Forget Christmas, or winter – summer is coming. For how hot Australia gets, I’m always disappointed by what’s on offer in clothing retailers for this season – it’s a big part of why I gave up on them and started making my own. (That and the lack of sun-smart styles – the refrain in so many skin cancer awareness ads from my teen years is that Australia has the highest rate of skin cancer diagnoses in the world, and while I have no idea if that’s true or not I certainly don’t want to find out.)
I’ve felt especially vindicated too in finding out that the Cancer Council’s own advice is that while avoiding the sun is best, opaque clothing is better than sunscreen for safety. While I don’t have especially sensitive skin, I’ve struggled to find sunscreens that play nicely with it – if they’re not greasy, they sting my eyes or cause itching when I sweat, or they leave white marks on everything and make me look like a bad zombie cosplayer.
But, the struggle to keep sewing with a day job is very real.
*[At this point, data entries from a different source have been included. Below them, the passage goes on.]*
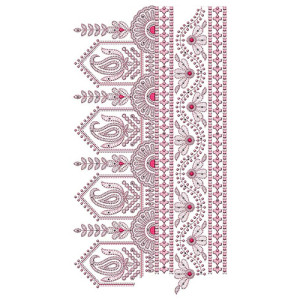 Fancy Paisley Big Border Design In Embroidery 24307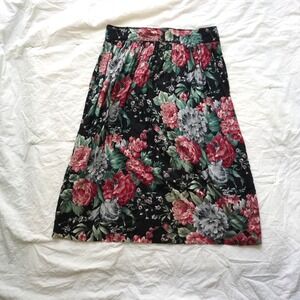 This One's For You Floral Midi Skirt Cottage Retro Pleated boho granny 28 Small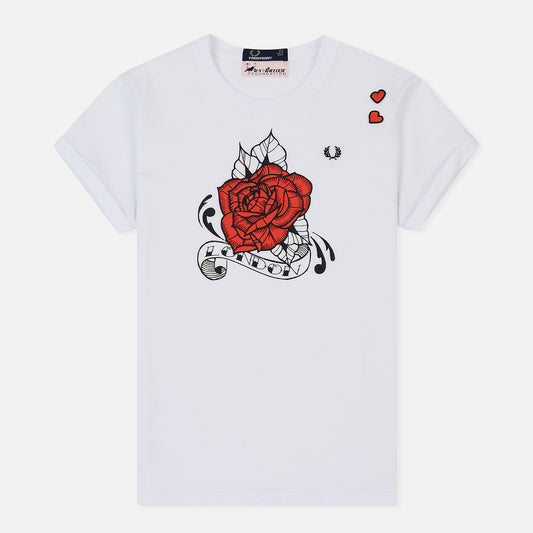 Amy Winehouse Rose Print White T-shirt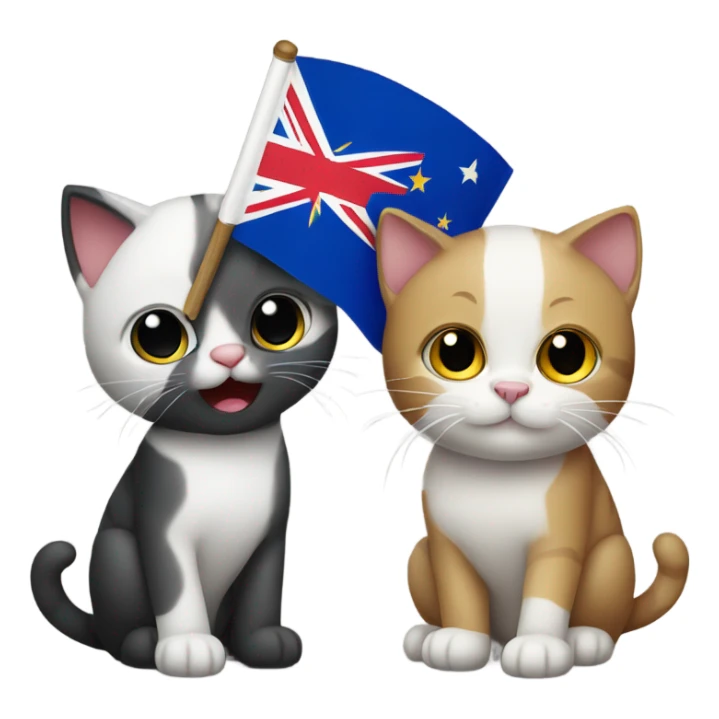 Cat holding a Philippines flag and a New Zealand flag sticker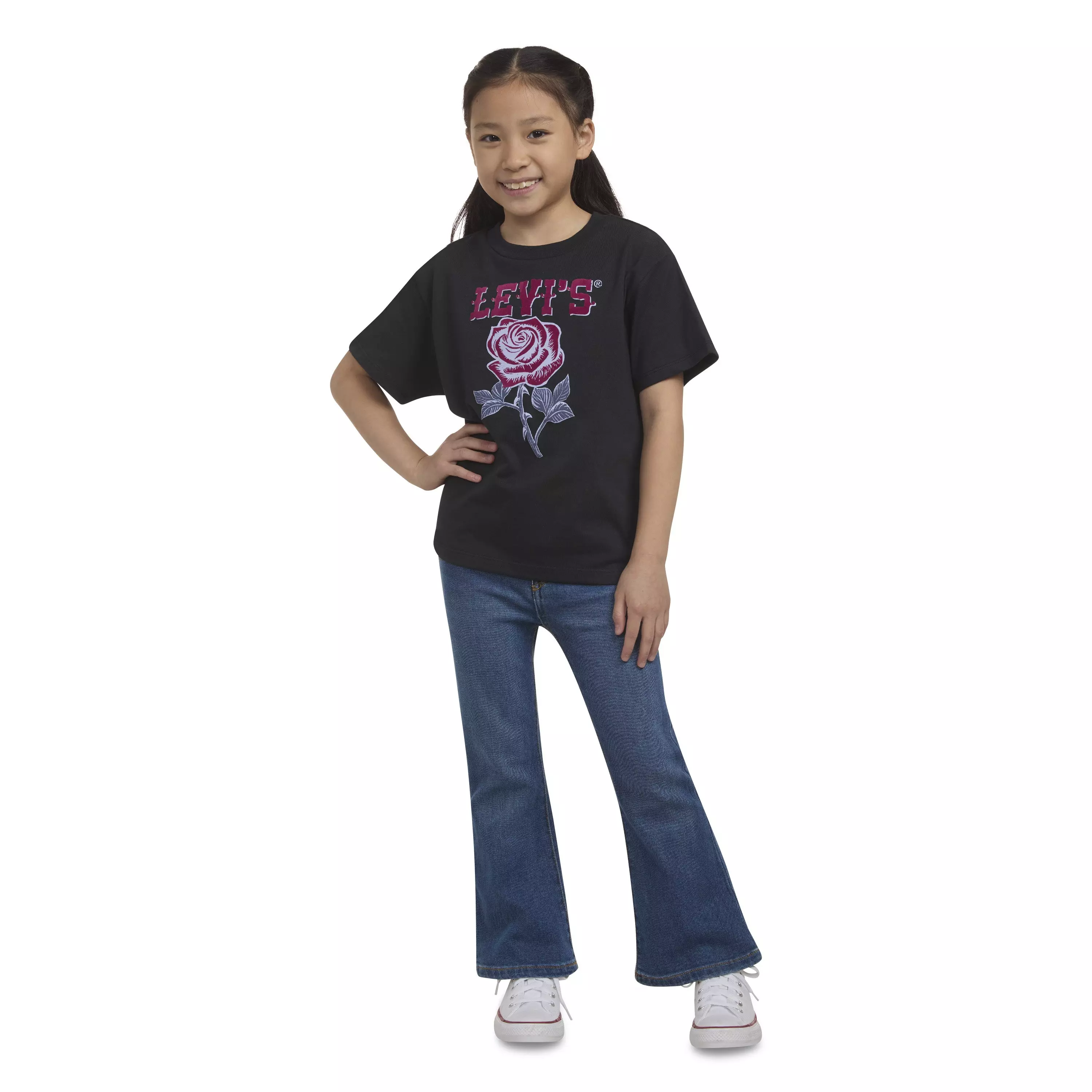 Levi's Little Girls' 726 High Rise Flare Dark Blue Wash Denim Jeans - DARK BLUE
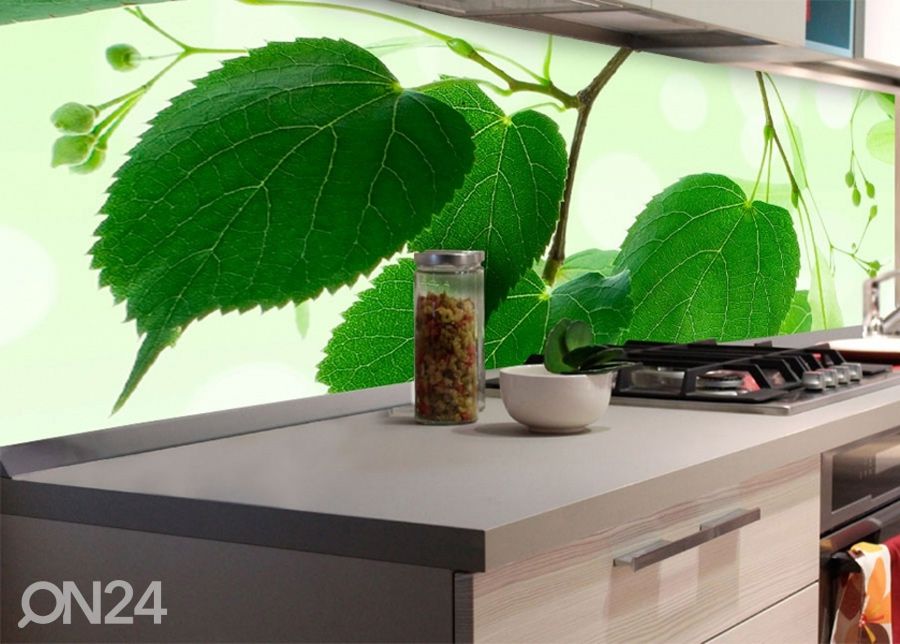 Köögi tagasein Green leaves 180x60 cm suurendatud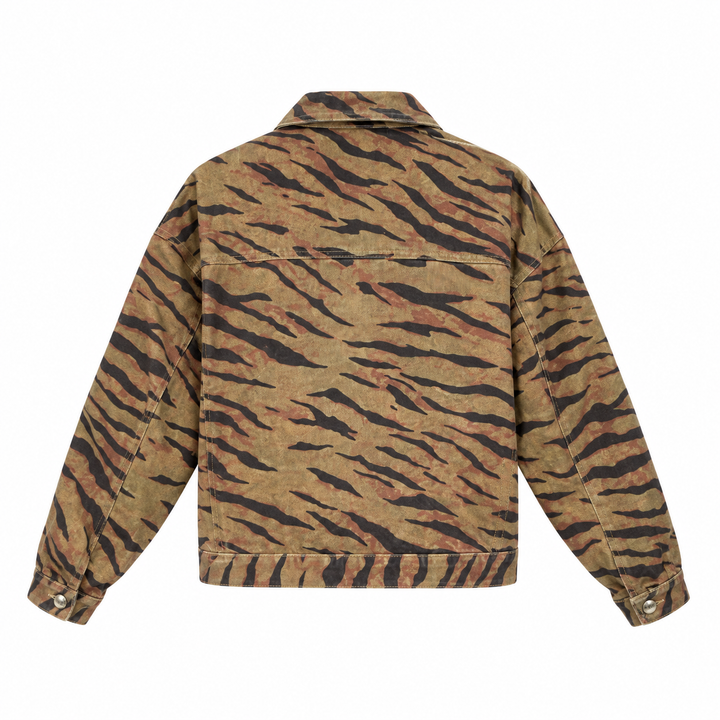 Vintage Tiger Print Denim Jacket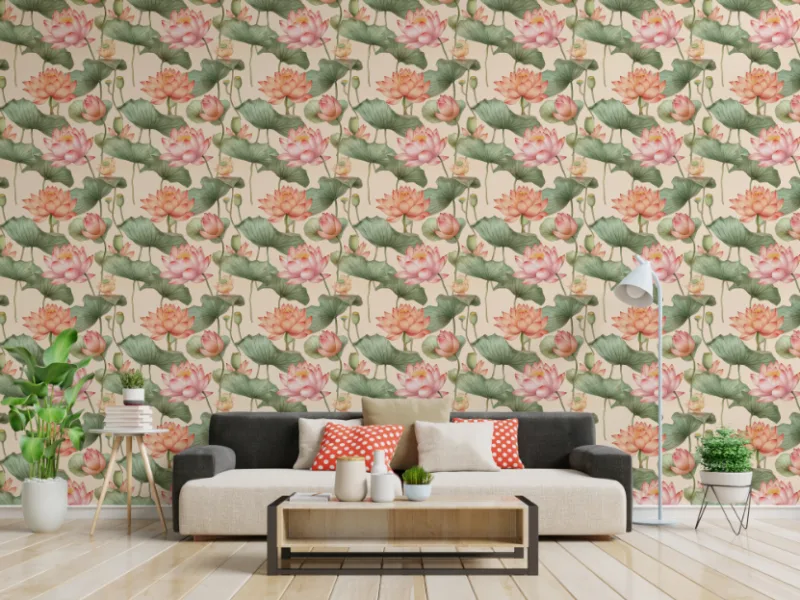 Lotus Glory Floral Wallpaper Living Room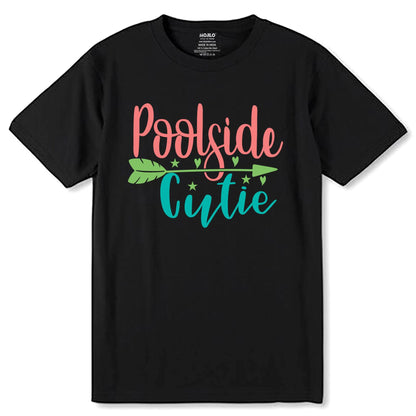 Poolside Cutie - Unisex Round Neck Regular Fit 100% Combed Cotton Half Sleeve T-Shirt - Mojilo Mart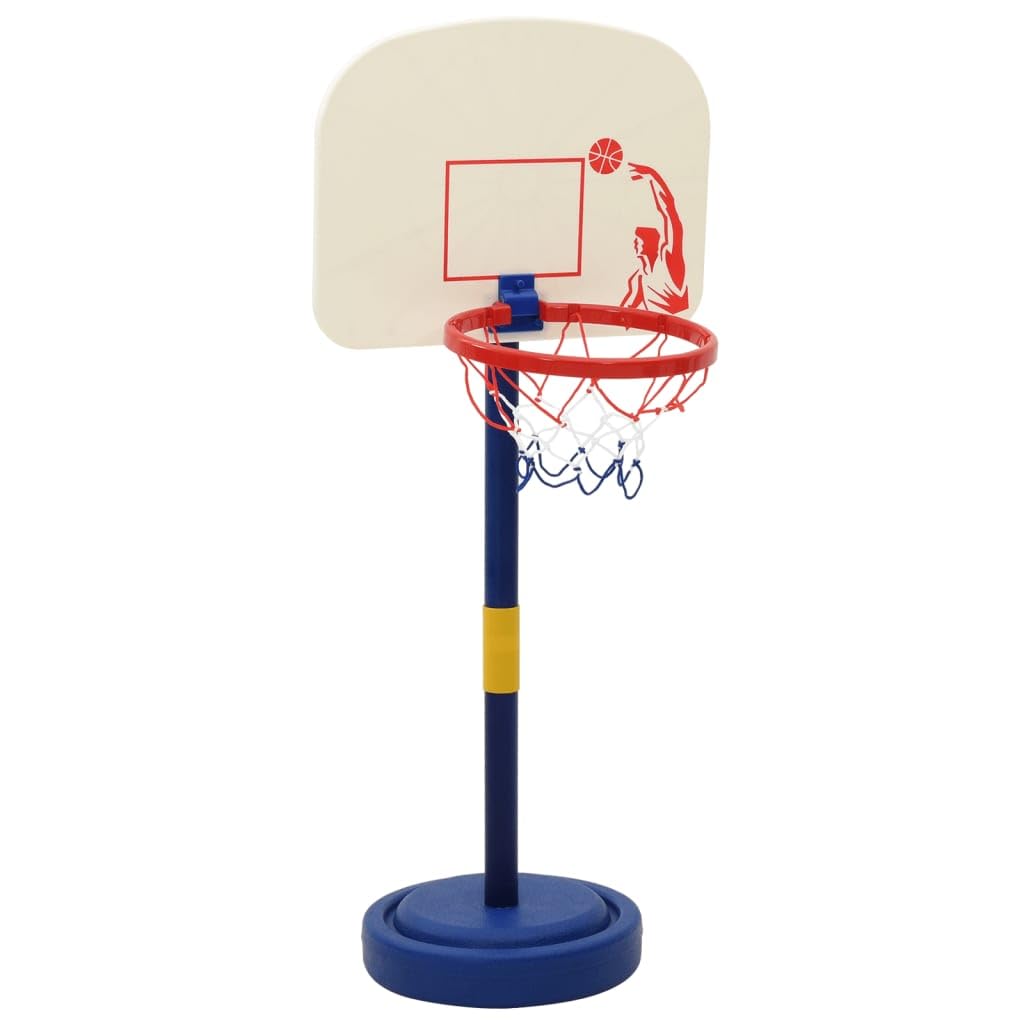 Canestro da basket per bambini con supporto, regolabile in altezza da 90 a 121 cm, con palla e pompa, giocattolo da giardino per interni ed esterni, per ragazzi e ragazze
Thread Theory Eastwood pants/shorts
This is an old staple pattern – I’ve made three pairs before this one, in a few different fabrics. One thing I will note is that if you’re going to use a twill for this pattern, sew your seams at 1cm but don’t change the pattern allowance (effectively, adding an extra 0.5cm of ease all over) – the pattern ease doesn’t seem to be quite enough for twills, especially in the crotch and inner thigh.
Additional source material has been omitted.